Ladies and gentlemen, can I start by thanking the Roots Millennium Schools, and in particular Faisal Mushtaq, for inviting me here as your guest. It is a great honour. When you are invited as a foreigner to a school, you really are being invited to the heart of a country. Even more so on such an important day for everyone here.
I should probably confess to two things before I speak:
First, I always find speaking to students more daunting than pretty much any other audience. I am always kept on my toes, there is a great sense of challenge, the questions are more open. Perhaps I should be grateful today that there is no Q and A.

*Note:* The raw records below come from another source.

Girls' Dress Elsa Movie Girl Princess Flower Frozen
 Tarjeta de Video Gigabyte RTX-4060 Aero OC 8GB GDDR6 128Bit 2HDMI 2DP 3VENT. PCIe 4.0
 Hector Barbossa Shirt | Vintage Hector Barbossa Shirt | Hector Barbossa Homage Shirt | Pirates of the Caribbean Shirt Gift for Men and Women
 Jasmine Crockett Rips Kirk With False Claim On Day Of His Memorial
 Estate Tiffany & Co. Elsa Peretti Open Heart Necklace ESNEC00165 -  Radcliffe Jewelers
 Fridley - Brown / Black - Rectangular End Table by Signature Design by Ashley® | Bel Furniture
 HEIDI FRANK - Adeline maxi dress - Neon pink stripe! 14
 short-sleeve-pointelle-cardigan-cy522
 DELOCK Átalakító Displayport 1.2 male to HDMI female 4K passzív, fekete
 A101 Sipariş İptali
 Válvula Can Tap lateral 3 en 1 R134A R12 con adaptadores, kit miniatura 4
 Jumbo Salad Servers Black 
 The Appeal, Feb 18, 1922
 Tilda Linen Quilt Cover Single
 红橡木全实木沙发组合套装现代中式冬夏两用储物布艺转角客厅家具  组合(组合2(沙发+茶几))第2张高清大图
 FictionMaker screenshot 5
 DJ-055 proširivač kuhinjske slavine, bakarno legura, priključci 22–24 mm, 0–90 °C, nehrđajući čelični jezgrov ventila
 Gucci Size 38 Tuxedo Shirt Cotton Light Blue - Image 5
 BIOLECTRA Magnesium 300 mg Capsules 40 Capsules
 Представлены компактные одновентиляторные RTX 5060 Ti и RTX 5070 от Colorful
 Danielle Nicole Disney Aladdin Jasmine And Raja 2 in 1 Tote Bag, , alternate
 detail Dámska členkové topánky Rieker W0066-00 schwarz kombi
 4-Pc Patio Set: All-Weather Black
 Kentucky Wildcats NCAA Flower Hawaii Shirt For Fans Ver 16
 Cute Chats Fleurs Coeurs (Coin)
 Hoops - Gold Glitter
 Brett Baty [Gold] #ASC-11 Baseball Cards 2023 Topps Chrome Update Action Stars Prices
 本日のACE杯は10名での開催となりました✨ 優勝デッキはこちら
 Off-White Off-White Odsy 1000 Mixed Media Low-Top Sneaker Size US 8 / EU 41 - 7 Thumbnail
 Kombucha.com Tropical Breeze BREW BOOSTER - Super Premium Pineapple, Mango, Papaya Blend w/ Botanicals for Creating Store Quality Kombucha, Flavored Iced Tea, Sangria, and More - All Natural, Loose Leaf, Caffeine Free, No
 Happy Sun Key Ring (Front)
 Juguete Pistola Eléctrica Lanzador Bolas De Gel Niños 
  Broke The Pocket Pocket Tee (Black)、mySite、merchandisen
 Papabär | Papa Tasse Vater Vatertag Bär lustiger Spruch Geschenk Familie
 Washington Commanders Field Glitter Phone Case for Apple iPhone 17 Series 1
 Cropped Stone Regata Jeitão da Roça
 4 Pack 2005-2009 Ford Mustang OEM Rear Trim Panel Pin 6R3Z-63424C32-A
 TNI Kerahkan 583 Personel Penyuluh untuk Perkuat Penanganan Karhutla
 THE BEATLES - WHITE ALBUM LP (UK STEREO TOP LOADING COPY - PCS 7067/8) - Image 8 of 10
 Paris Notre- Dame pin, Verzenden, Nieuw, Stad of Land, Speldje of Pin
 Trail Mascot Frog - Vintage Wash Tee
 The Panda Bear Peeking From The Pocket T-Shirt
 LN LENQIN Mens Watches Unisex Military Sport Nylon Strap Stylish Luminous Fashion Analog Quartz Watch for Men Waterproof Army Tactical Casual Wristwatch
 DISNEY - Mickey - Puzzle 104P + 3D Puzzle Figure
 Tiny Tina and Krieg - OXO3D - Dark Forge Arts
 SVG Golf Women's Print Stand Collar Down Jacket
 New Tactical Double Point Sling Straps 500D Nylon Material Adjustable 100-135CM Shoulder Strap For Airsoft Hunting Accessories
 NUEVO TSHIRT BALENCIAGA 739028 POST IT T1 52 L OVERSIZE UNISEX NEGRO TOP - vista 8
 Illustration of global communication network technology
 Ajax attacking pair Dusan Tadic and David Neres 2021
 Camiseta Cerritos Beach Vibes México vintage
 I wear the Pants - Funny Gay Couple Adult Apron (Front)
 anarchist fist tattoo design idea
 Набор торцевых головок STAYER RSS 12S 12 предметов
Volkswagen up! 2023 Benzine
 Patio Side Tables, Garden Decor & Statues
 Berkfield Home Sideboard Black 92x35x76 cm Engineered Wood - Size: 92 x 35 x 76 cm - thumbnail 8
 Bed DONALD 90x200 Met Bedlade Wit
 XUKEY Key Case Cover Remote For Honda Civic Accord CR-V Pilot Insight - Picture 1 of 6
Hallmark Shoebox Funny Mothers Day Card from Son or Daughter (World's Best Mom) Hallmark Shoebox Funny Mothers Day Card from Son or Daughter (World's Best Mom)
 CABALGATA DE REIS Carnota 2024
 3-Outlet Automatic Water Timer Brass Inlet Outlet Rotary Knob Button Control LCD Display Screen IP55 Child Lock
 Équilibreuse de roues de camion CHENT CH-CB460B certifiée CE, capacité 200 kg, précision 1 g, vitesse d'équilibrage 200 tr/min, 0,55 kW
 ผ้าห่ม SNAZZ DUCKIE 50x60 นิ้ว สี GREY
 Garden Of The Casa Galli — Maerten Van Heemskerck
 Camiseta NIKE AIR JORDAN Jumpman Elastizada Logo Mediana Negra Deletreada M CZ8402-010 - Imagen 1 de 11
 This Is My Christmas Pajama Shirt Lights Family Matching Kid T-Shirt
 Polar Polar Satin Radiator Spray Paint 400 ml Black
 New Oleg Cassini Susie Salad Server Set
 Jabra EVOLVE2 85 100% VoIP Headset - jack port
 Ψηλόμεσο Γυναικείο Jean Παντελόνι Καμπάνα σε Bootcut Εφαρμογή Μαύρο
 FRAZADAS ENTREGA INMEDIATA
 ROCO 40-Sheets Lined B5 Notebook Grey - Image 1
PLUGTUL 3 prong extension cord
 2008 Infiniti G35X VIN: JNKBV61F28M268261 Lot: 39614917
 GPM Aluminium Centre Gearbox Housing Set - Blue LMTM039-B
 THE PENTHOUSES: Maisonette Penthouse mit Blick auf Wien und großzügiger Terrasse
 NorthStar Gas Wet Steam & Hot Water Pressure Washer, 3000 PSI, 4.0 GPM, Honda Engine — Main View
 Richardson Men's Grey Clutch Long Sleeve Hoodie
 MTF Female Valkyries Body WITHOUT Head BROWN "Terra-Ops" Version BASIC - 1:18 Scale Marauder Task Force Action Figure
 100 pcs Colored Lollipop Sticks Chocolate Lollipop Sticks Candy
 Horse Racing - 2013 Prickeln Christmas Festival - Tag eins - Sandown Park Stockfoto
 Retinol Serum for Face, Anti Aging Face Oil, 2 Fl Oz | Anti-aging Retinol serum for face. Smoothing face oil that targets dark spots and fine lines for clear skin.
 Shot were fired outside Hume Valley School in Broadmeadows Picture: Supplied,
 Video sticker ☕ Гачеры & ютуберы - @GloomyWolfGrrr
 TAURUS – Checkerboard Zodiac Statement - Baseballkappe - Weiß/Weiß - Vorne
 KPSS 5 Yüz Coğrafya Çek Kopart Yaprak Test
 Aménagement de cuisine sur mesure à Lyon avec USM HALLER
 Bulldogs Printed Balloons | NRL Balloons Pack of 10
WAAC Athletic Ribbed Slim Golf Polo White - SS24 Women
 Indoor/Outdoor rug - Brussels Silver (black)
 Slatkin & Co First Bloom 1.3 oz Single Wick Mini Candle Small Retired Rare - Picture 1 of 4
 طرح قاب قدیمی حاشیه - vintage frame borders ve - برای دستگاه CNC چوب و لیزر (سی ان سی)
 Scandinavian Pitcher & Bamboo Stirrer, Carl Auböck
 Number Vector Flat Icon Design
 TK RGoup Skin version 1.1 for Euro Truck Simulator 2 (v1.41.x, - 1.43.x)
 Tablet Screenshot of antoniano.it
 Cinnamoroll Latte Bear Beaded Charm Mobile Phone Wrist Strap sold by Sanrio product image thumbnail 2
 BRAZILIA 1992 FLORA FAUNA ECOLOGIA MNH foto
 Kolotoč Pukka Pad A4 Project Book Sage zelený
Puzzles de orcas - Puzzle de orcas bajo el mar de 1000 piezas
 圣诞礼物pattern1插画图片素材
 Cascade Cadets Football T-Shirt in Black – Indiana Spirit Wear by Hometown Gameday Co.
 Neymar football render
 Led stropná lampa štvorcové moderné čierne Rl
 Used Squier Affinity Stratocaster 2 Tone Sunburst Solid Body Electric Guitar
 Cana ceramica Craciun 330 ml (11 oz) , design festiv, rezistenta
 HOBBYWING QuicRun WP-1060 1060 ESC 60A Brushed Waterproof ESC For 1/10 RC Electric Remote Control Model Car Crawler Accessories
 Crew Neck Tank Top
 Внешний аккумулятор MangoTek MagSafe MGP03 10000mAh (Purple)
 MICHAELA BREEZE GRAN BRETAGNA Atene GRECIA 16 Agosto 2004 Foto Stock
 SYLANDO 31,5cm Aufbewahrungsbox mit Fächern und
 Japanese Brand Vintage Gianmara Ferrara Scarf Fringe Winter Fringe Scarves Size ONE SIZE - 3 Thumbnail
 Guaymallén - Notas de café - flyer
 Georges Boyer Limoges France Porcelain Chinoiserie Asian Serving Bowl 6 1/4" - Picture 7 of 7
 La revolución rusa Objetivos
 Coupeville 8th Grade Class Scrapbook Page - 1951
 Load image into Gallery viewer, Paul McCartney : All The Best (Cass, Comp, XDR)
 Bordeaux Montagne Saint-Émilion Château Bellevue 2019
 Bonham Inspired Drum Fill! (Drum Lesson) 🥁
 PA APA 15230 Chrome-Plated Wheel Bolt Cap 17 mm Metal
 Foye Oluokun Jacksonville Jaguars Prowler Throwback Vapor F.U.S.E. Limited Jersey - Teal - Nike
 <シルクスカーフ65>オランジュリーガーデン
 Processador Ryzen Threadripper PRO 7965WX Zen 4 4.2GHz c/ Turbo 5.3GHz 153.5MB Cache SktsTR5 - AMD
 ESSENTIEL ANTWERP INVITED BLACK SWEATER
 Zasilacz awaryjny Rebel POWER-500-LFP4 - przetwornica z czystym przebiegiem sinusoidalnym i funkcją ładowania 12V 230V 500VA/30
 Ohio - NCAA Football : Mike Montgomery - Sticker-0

Second is that I have always had a particular interest in schools and education. And that is not just because of the work the British Government does on education in Pakistan. By far the biggest thing we do here is support Pakistan’s education system – and that is right. But it is also because of my background. I am, on my mother’s side at least, from a long line of educationalists.
You don’t, however, have to be an educationalist to know that after 2 hours of ceremony, no student wants to hear an Ambassador drone on for more than a couple of minutes.
So I will restrict myself to two things:
First is to congratulate you. You have all achieved fantastic things.
I remember well my own graduation ceremony and the sense of relief of getting over the months of hard work and angst. I confess that it took me a good few years to stop having dreams about exams after my university finals.
The second – and more important point – is to make the most of it. I can now speak as a diplomat. This is a country of fantastic potential. I have only been in Pakistan for 6 weeks, but this is coming back after an 8-year gap. I see how it has developed. I feel hugely more optimistic. Admittedly, I left Pakistan in 2008 – a difficult year – and a time when the outside world looked at Pakistan mostly in the context of risk.
Now, risks of course remain, but I and the British Government see also a country of hope and potential. We have the Governor of Punjab here. How many people know that if Punjab were a country, it would be the 11th largest in the world? Karachi is the world’s 6th biggest city; we don’t yet view it in the same way as we do Shanghai or Sao Paolo. This is a country buzzing with potential. Pakistan’s main task is to realise it – and you will find the British Government right behind you.
But in the end, the key to making all this happen – and realising Pakistan’s potential - is you. You are Pakistan’s future. You should grab it.